What is being asked ▸
Output all the data exactly. Pictures do not belong in the copy.

(Source information begins)

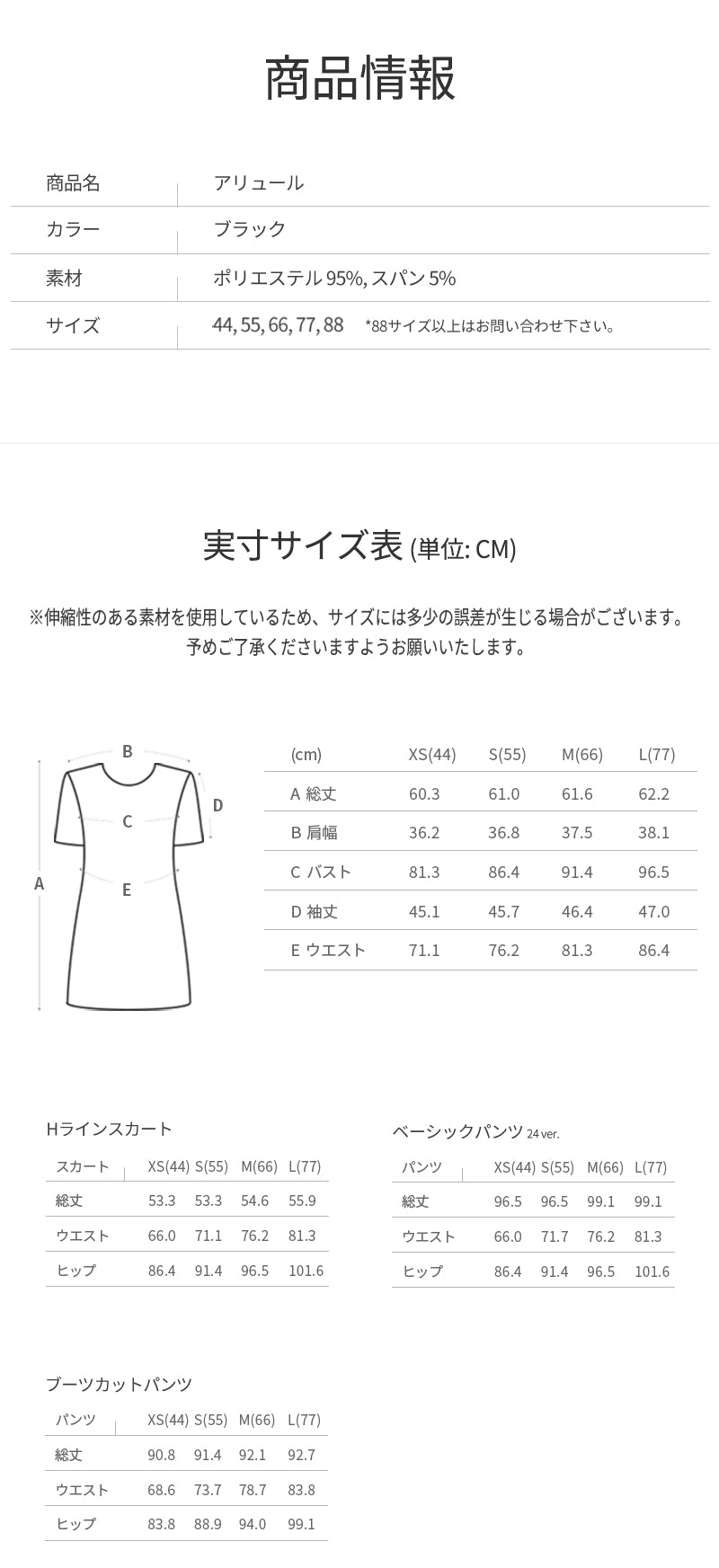 サイズガイド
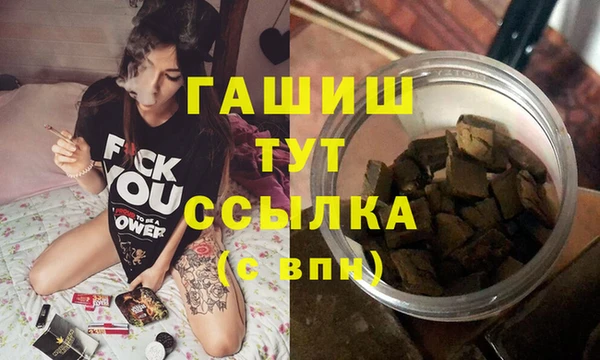 а пвп мука Абдулино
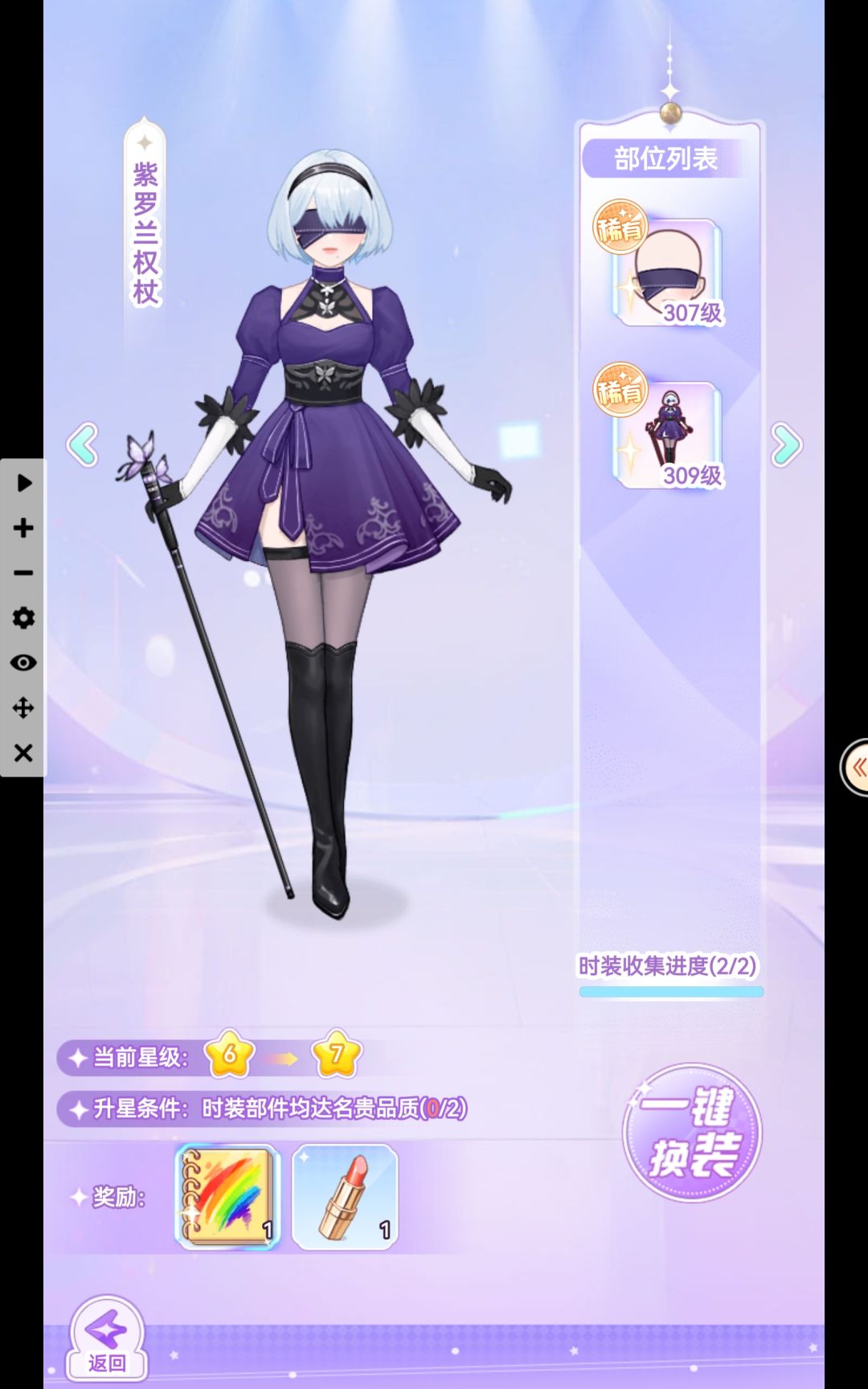 【开间服装店】穿搭分享 万圣狂欢 3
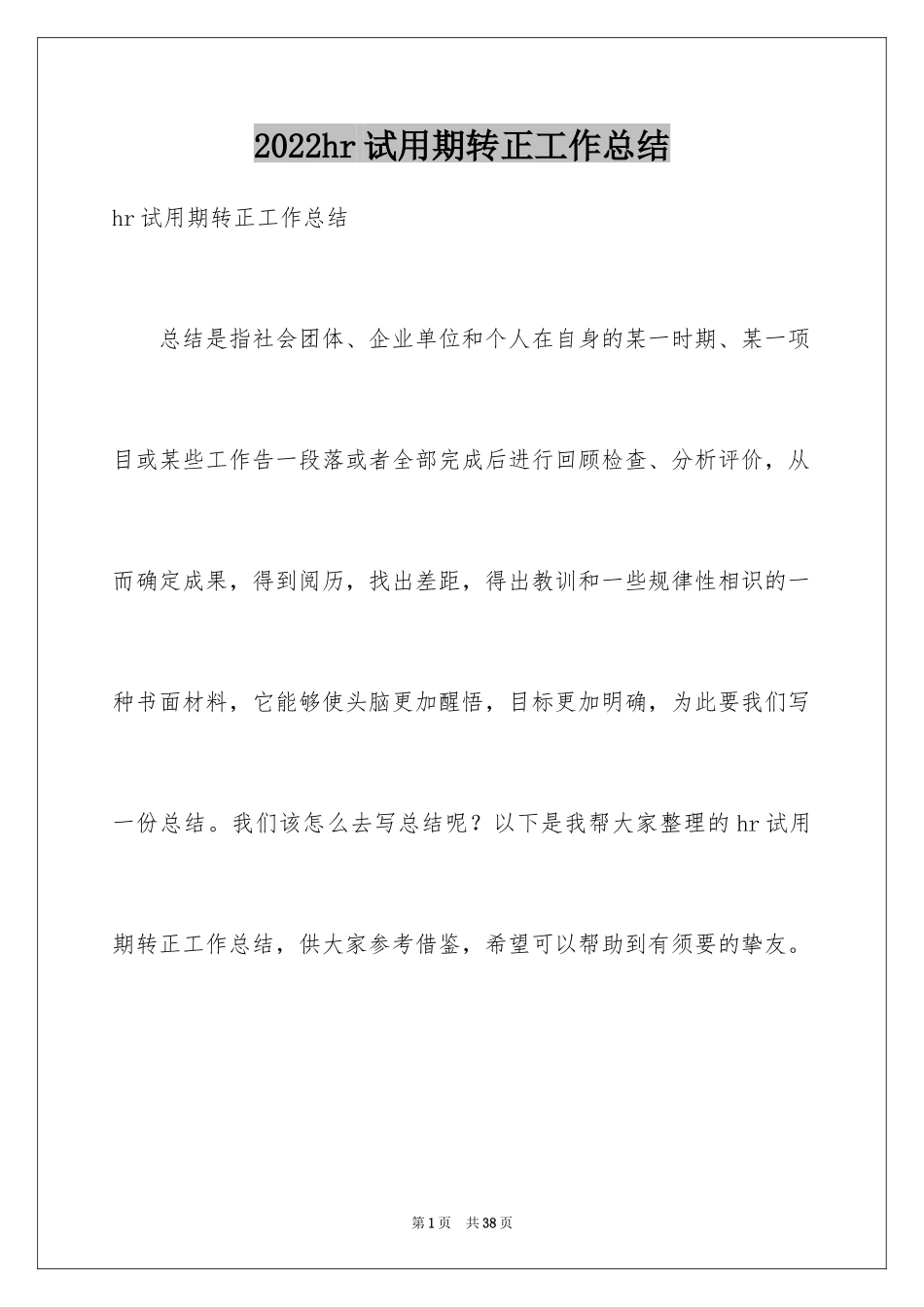 2024hr试用期转正工作总结_第1页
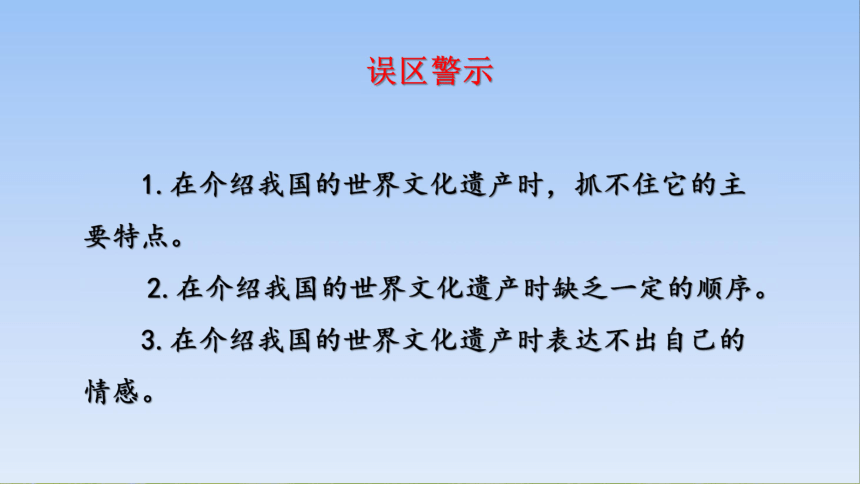 部編版五年級下冊第七單元習作中國的世界文化遺產課件共35張ppt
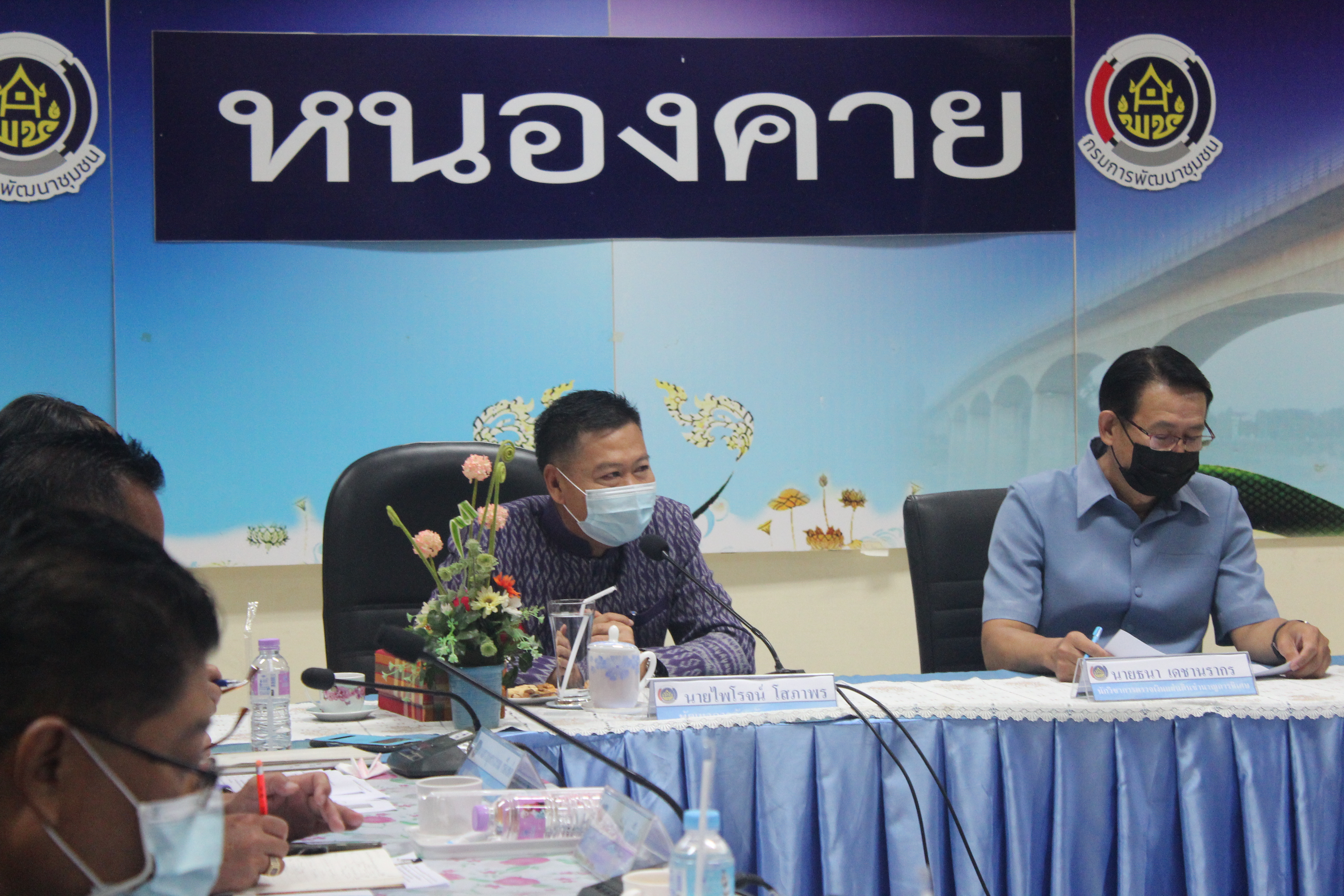 พช.หนองคาย ร่วมกับ สำนักงานตรวจเงินแผ่นดินจังหวัดหนองคาย จัดประชุมให้ความรู้ในการบริหารความเสี่ยงเพื่อเตรียมความพร้อมและป้องกันความผิดพลาดในการดำเนินงานโครงการพัฒนาพื้นที่ต้นแบบ โคกหนองนาโมเดล “โคก หนอง นา โมเดล”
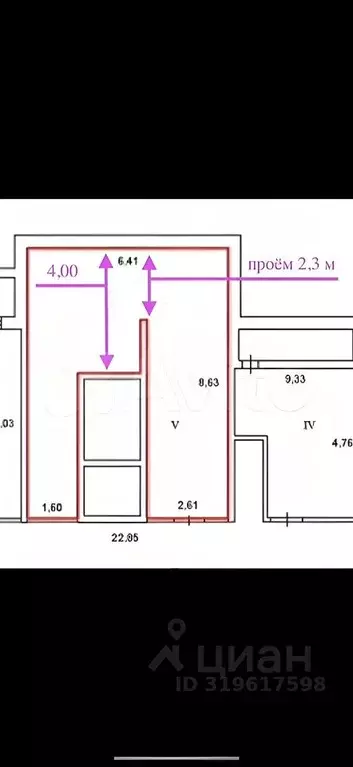 Офис в Новосибирская область, Новосибирск ул. Залесского, 8/1 (45 м) - Фото 1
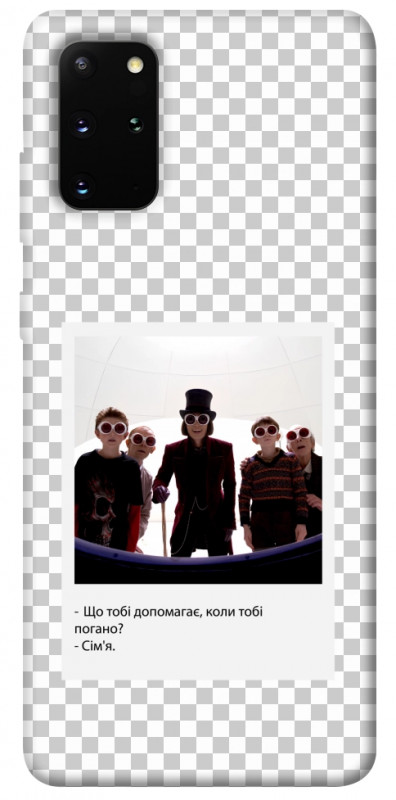 Чехол itsPrint New Year's cinema 5 для Samsung Galaxy S20+, itsellopt, купить оптом с доставкой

(Source information ends)

Completed task ▸
 サイズガイド
 а пвп мука Абдулино
 【开间服装店】穿搭分享 万圣狂欢 3
 2024hr试用期转正工作总结_第1页
 部編版五年級下冊第七單元習作中國的世界文化遺產課件共35張ppt
 พช.หนองคาย ร่วมกับ สำนักงานตรวจเงินแผ่นดินจังหวัดหนองคาย จัดประชุมให้ความรู้ในการบริหารความเสี่ยงเพื่อเตรียมความพร้อมและป้องกันความผิดพลาดในการดำเนินงานโครงการพัฒนาพื้นที่ต้นแบบ โคกหนองนาโมเดล “โคก หนอง นา โมเดล”
 Офис в Новосибирская область, Новосибирск ул. Залесского, 8/1 (45 м) - Фото 1
 Чехол itsPrint New Year's cinema 5 для Samsung Galaxy S20+, itsellopt, купить оптом с доставкой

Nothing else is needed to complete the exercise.